### WHAT TO PRODUCE
Return the listing below exactly. Leave its pictures out.

### DATA EXTRACT
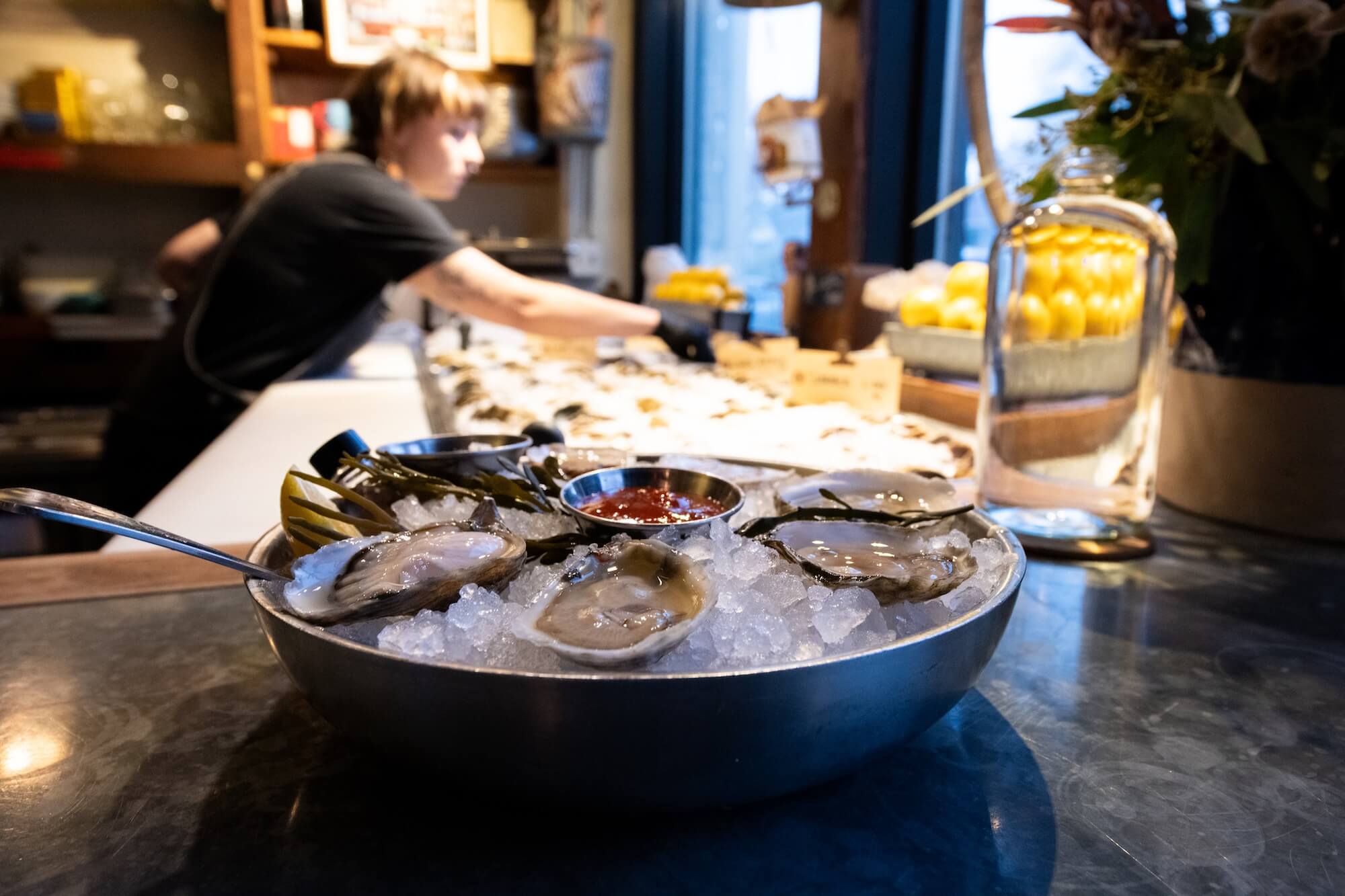 A chilled metal bowl filled with freshly shucked oysters sits on a bed of crushed ice, garnished with seaweed and accompanied by small metal cups containing cocktail sauce and mignonette. A long-handled spoon rests on the edge of the bowl. In the background, a person in a black shirt with short hair is reaching across a well-lit oyster bar, arranging or serving more oysters laid out on ice. The setting appears to be a cozy, bustling raw bar or seafood restaurant, with details like a galvanized metal bin of bright yellow lemons, floral arrangements, and soft natural light filtering in from a window, creating a welcoming and artisanal atmosphere.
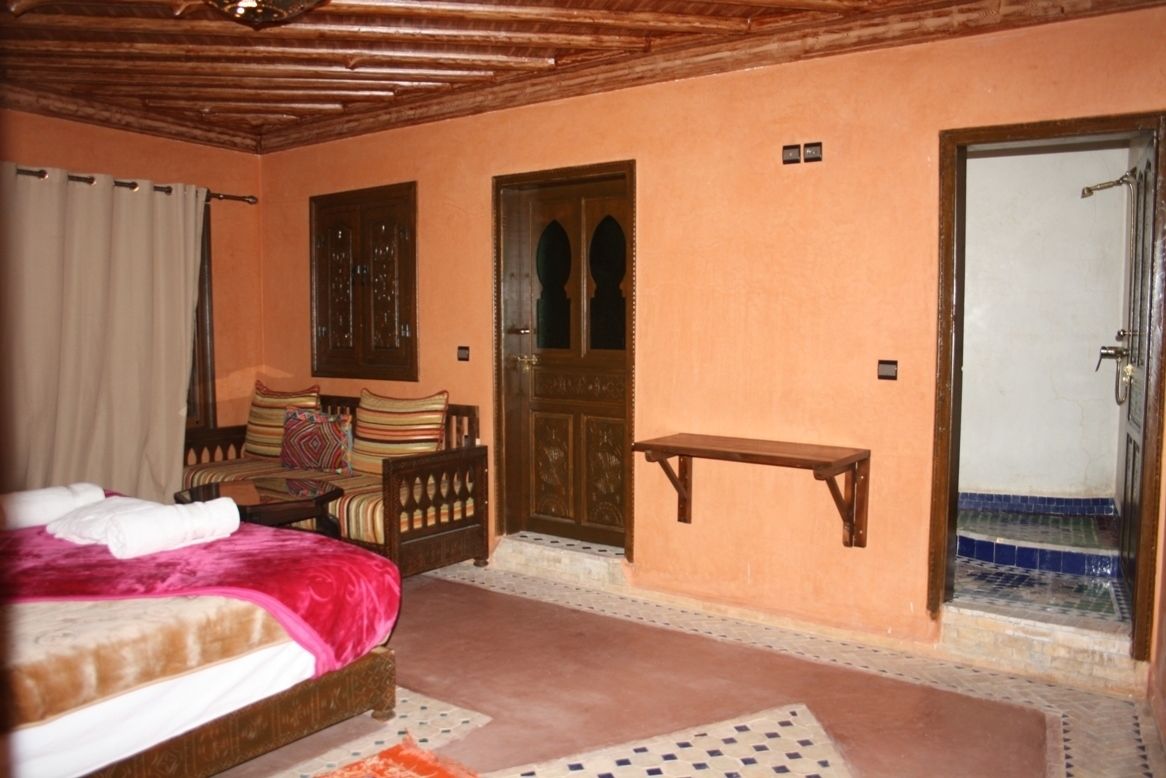 A bedroom with a bed, a wooden bench, a door, and a small table.
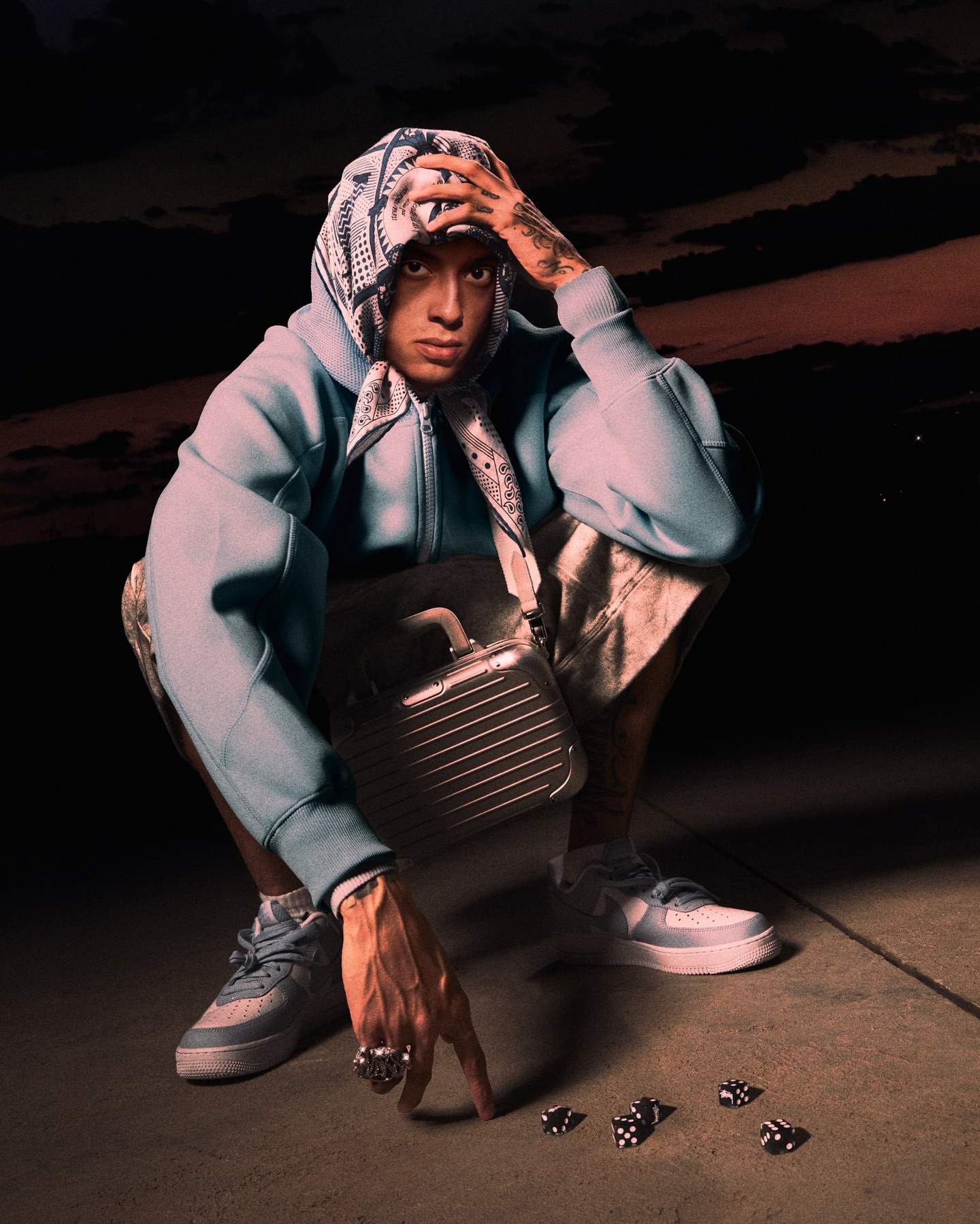 Young adult in hooded jacket and headscarf crouches on pavement with dice at dusk, fashionable streetwear apparel, unique style.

### YOUR SOLUTION
 A chilled metal bowl filled with freshly shucked oysters sits on a bed of crushed ice, garnished with seaweed and accompanied by small metal cups containing cocktail sauce and mignonette. A long-handled spoon rests on the edge of the bowl. In the background, a person in a black shirt with short hair is reaching across a well-lit oyster bar, arranging or serving more oysters laid out on ice. The setting appears to be a cozy, bustling raw bar or seafood restaurant, with details like a galvanized metal bin of bright yellow lemons, floral arrangements, and soft natural light filtering in from a window, creating a welcoming and artisanal atmosphere.
 A bedroom with a bed, a wooden bench, a door, and a small table.
 Young adult in hooded jacket and headscarf crouches on pavement with dice at dusk, fashionable streetwear apparel, unique style.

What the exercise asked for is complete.